2/18/2021

Applied Algorithm

The algorithm that I used is called Kaltz back off model, this algorithm uses the n-grams frequency tables and trough the probability chain rules of dependent events along with the Markov’s assumption, we could predict our next word given the last one or two words. This algorithm, by default, uses the higher level n-gram to match the one that has the highest probability given by their n-1 previous words. If there is no match, it will reduce the level of the n-gram until it finds a match using n-1 previous words. One of the problems of this kind of methods consist of estimating the probability of unobserved n-grams.

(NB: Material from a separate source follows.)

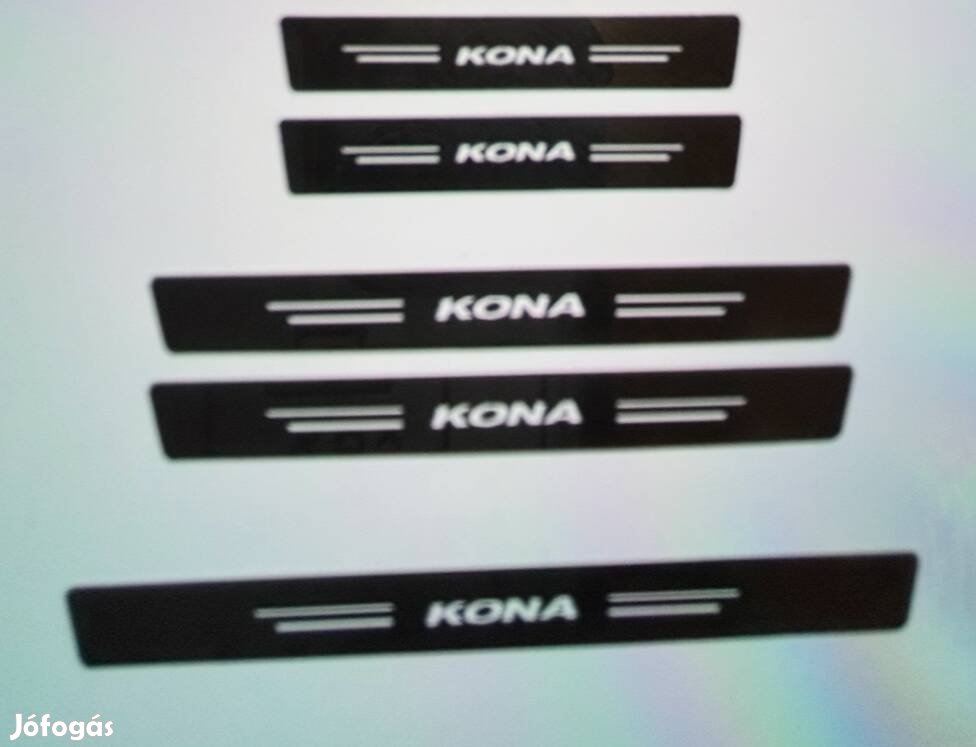 Hyundai Kona küszöb védő dísz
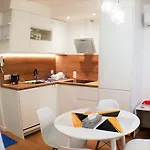 Apartment Luksusowy Nad Zalewem *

In this case, this algorithm will discount a probability mass from observed n-grams and will distribute it to the unobserved n-grams thus avoiding getting zero probabilities which are far away from reality.

Model performance

Two models where applied using the “Kaltz Back Off” principle

  • Model 1: Trigram model
## [1] "Trigram model has an accuracy% of: 64.29 and a perplexity of: 2.12"
  • Model 2: Bigram model
## [1] "Bigram model has an accuracy% of: 43.4 and a perplexity of: 3.37"

Shiny App

  • The shiny application created allows the user to enter a text with some restrisctions as avoiding double spacing between words and any kind of punctuation.

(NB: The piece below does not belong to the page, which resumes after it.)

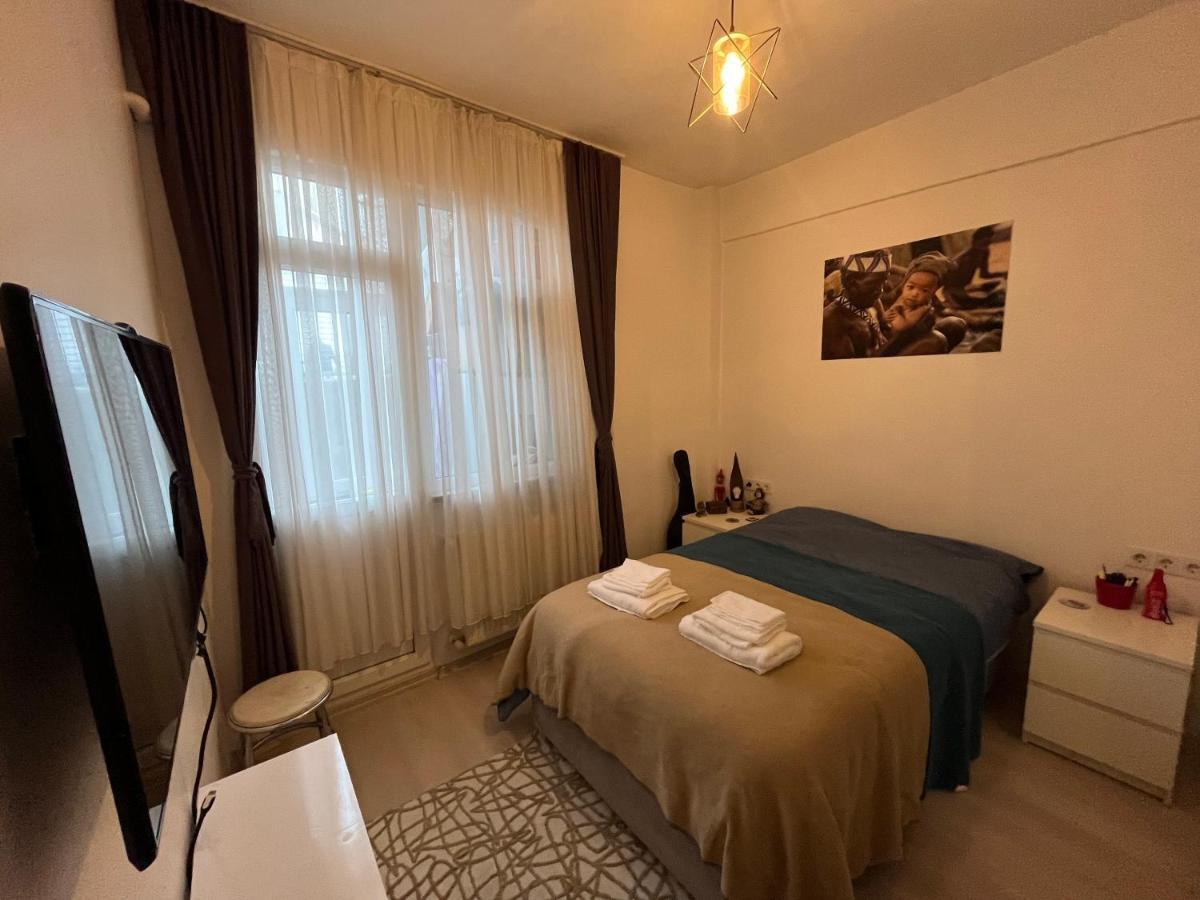 Appartement Centrally Located, 2+1 House In Taksim, Cihangir Istanboel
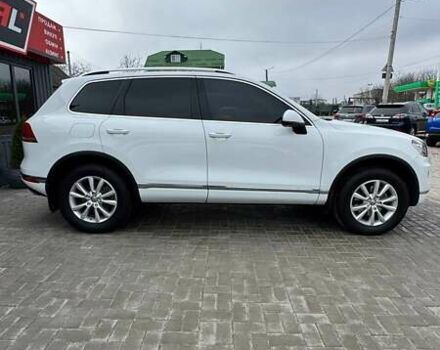 Білий Фольксваген Туарег, об'ємом двигуна 2.97 л та пробігом 320 тис. км за 23200 $, фото 5 на Automoto.ua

  • The user can swap between models (trigram, bigram) and select the one that fits the most to the real next word pretended by the user.

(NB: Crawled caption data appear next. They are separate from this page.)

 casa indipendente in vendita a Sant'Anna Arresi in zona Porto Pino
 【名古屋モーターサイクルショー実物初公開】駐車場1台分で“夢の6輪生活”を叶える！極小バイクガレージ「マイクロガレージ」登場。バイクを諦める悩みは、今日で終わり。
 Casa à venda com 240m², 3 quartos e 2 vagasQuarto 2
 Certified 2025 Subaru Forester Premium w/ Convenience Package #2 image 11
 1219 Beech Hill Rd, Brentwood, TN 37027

  • As output, three suggestions are displayed , depending on the model selected, and donut graph is presented that shows the probability distribution between the three suggestions proposed by the app (note that these probabilities are not the real probabilities over the training corpus = “Kaltz Back Off Probabilities”, but instead proportions between this probabilities)

  • Finally you have a tab named “About this web app” where I explain all the process of building the algorithm.